【韓察日報】中国で製造され韓国国内に輸入された空気清浄機用互換フィルターから、過去に大規模な健康被害をもたらした「加湿器殺菌剤事件」の原因物質である有害化学物質が検出され、波紋が広がっている。チャンネルAなどの報道によると、韓国消費者院が市販されている空気清浄機用互換フィルター20製品の品質と安全性を調査した結果、中国製の2製品から使用が禁止されているメチルイソチアゾリノン(MIT)が検出されたと発表した。
■中国製互換フィルターから禁止物質「MIT」を検出
MITが検出されたのは、中国シャオミ製「Mi Air」空気清浄機用の互換フィルター、「グレープレミアム」(TSI)と「グレーフィルター」(セジン)の2製品で、いずれも中国で製造されたものだ。
韓国消費者院の関係者は「MITは長時間、高濃度にさらされると、目の痛みやかゆみ、呼吸器疾患などの問題を引き起こす可能性がある」と指摘する。
問題の検出を受け、該当する販売業者はすべての販売を中止し、すでに販売された製品に対する無償交換および返金を進める方針だ。
さらに今回の調査では、一部の互換フィルター製品が純正フィルターに比べて性能面で大きく劣る点も判明した。試験評価対象となった20製品のうち16製品で、有害ガスの平均除去効率は20〜63%にとどまった。これに対し、対象となった13社は消費者院の勧告を受け入れ、材質の変更や生産工程の改善に取り組むと表明したと表明した。
■「加湿器殺菌剤惨事」を巡る10年越しの法廷闘争
今回検出されたMITは、多くの被害者を生んだ「加湿器殺菌剤惨事」の主要な原因物質として知られており、その被害を巡る法廷闘争は現在も続いている。京郷新聞は今月21日付で、裁判所が加湿器用殺菌剤「ワイズレック」を供給したロッテショッピングおよび製造業者に対し、被害者側が提起した損害賠償訴訟において6億3000万ウォンの共同賠償を勧告する和解勧告を出したと報じている。

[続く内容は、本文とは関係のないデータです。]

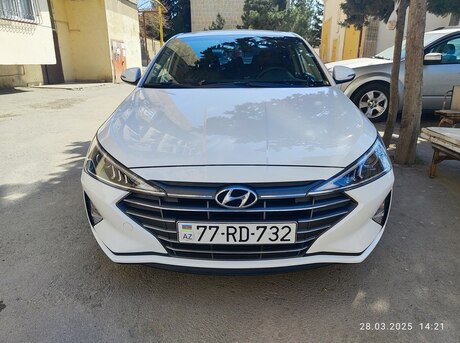 Hyundai Elantra 2019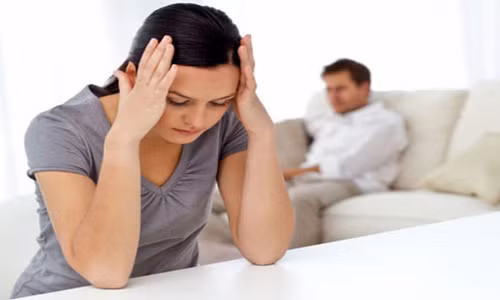 Chong co con rieng, vo dau dau doi pho voi tinh dich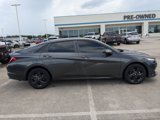 Used 2021 Hyundai Elantra SEL image 2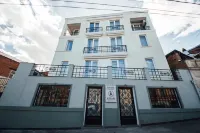 Kenari Hotel Hotels near Tbilisi Railway Station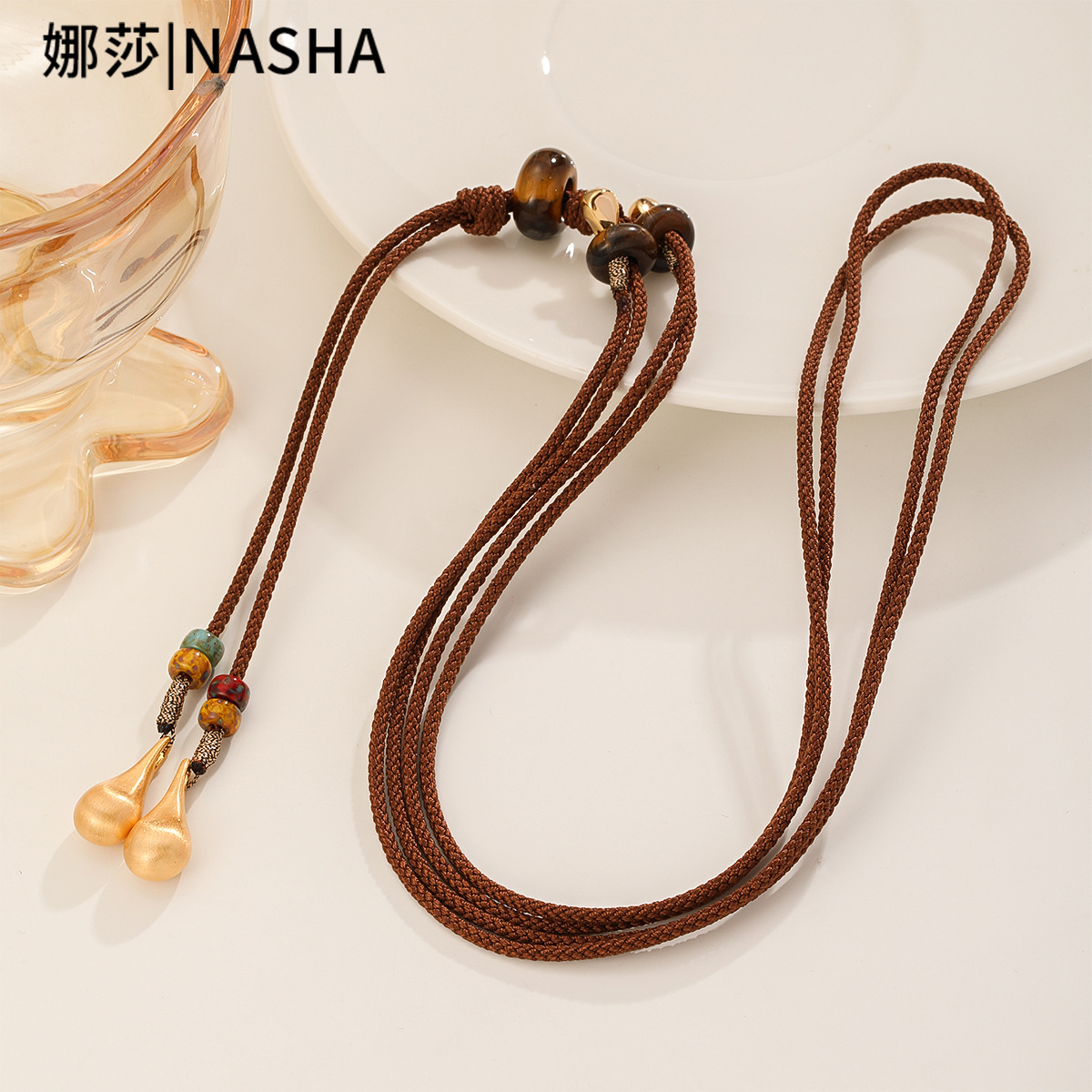 Nasha Ethnic style hand-woven long pendant necklace, suitable for both men and women, retro sweater chain, versatile pendant details Picture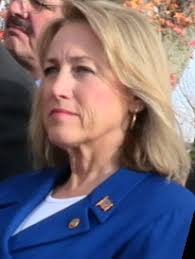 Jeanie Riddle's Instagram, Twitter & Facebook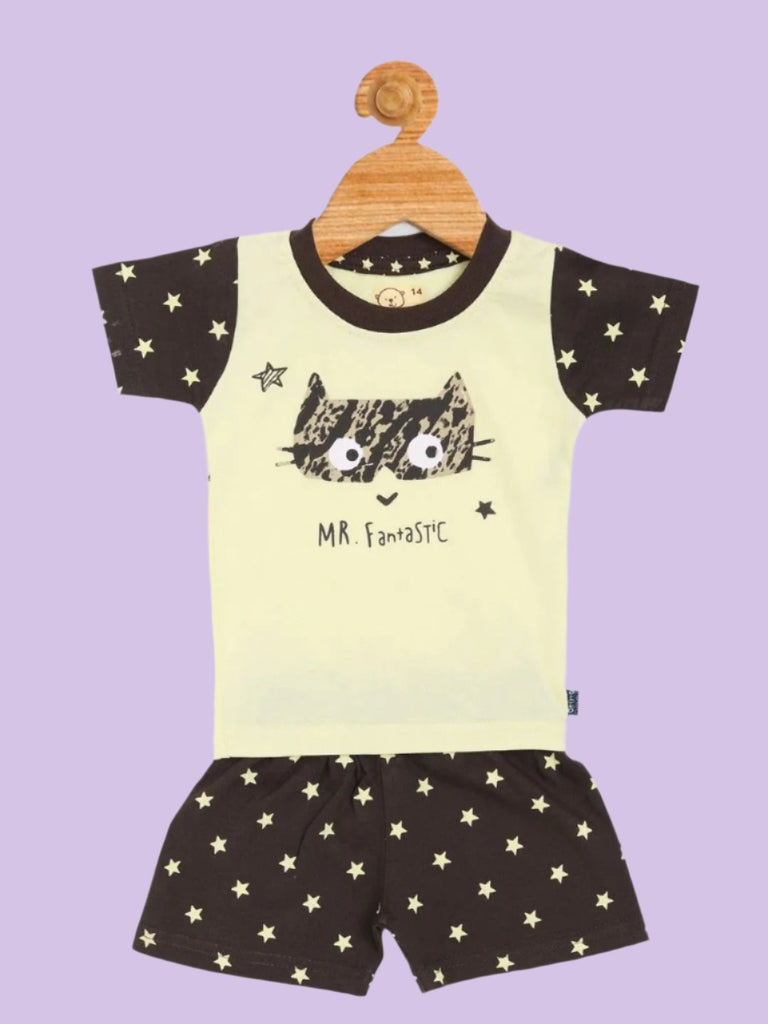 full view of Olio Kids Boy’s ‘Mr. Fantastic’ Cat Graphic T-Shirt and Star Print Shorts Set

これは被害者らが訴訟を提起してから約10年ぶりに実現したもので、ソウル中央地裁は調停手続きが不成立となったため、当事者間の和解を誘導しようと職権で勧告を決定した。
本訴訟は、妻の死亡や子供の慢性肺疾患などの被害を受けたイ某氏とその子供たちが、慰謝料および損害賠償を求めて提起したものだ。裁判所は身体鑑定の結果を踏まえ、去る5月の判決宣告後に再び調停を進めていた。裁判所の和解勧告に双方が同意すれば確定判決と同等の効力を持つが、異議がある場合は正式な裁判手続きを経なければならない。

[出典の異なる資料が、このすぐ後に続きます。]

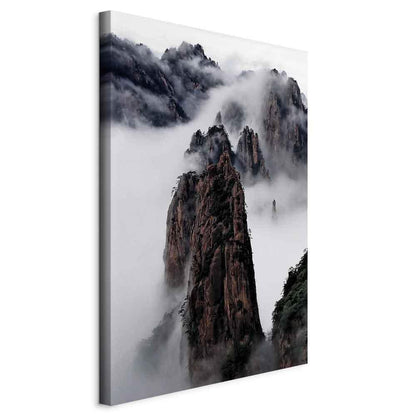Leinwandbild - High Mountains in Mist (1-part) - Landscape of Clouds Amid Rocks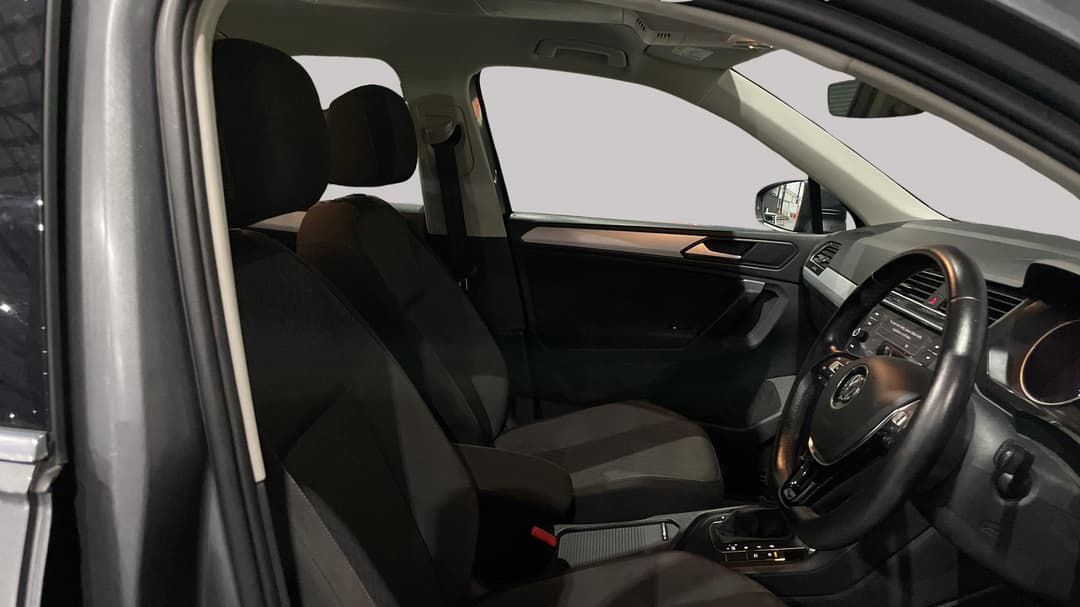 2020 Volkswagen Tiguan 110 Tsi Comfortline, Automatic, 67627 km, Right Side Front Door Cabin View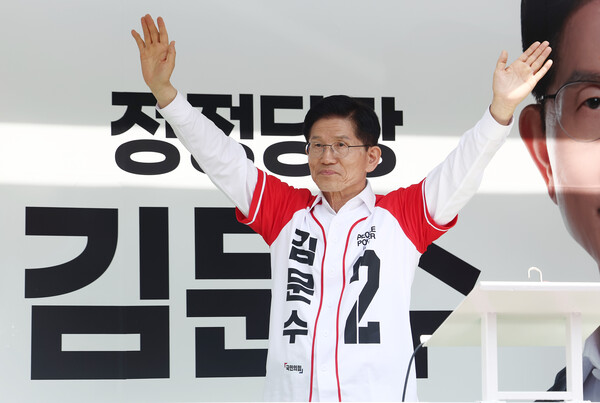 김문수 국민의힘 대선 후보가 13일 울산 남구신정시장 인근에서 유세를 하고 있다. (사진=연합뉴스)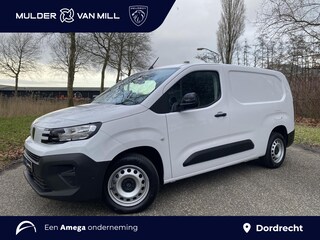 Peugeot Partner L2 50 kWh 136pk | 8 jaar garantie | 0% financial lease | Apple Carplay | Android Auto | Multimedia | Achteruitrijcamera | Parkeersensoren achter | Digital cockpit | Stuurwielbediening | Bestuurdersstoel comfort | Armsteun | Warmtepomp | Vehicle to load | ECO koplampen | Houten afwerking laadruimte | Reservewiel | van €31.545 voor €27.495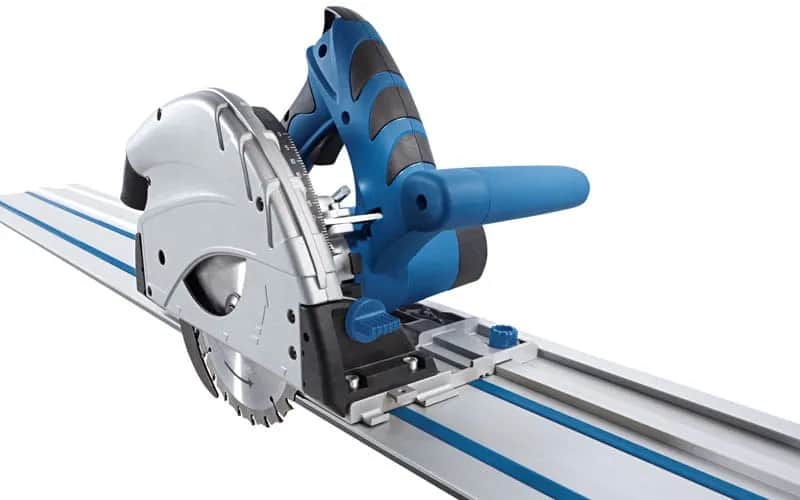 Pilarka tarczowa z szyną prowadzącą: precyzja i wydajność w cięciu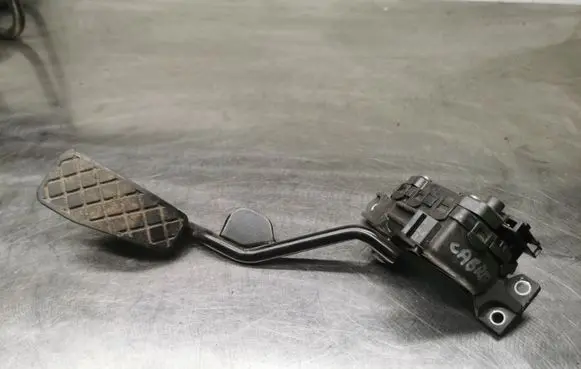 Audi A4 S4 B6 8E 8H Accelerator throttle pedal 8E2721523C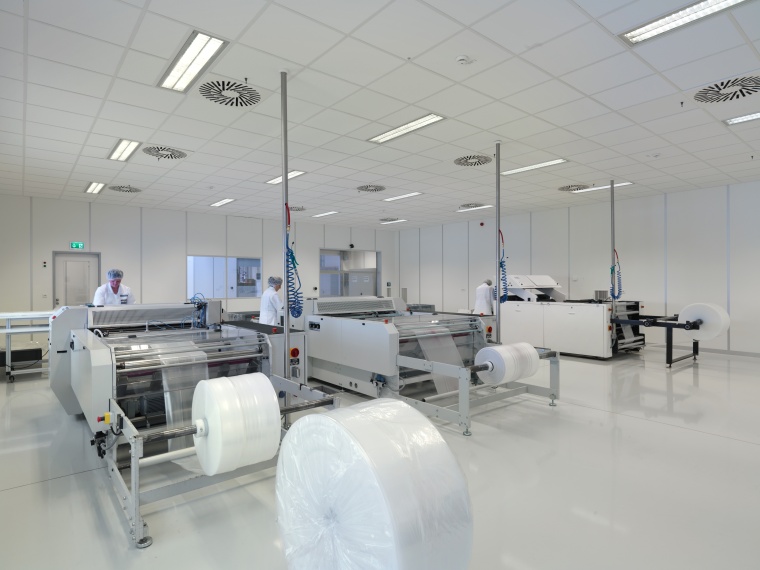 Strubl: Reinraumproduktion zur Herstellung von Reinraumverpackungen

製品の安全性が改めて問われる中、過去の悲劇の余波と新たな輸入製品リスクへの警戒感が同時に高まっている。
【編集長の韓察眼】
「加湿器殺菌剤事件のトラウマを抱える韓国社会において、今回のMIT検出は単なる不良品問題にとどまらない。背景には、EC市場の拡大に伴う格安な海外製互換品の急増と、安全基準の網をすり抜ける規制の死角が存在する。過去の悲劇を繰り返さぬよう、直輸入品やサードパーティ製品に対する水際での安全認証体制の強化と、プラットフォーム事業者の責任明確化が今後の大きな焦点となる。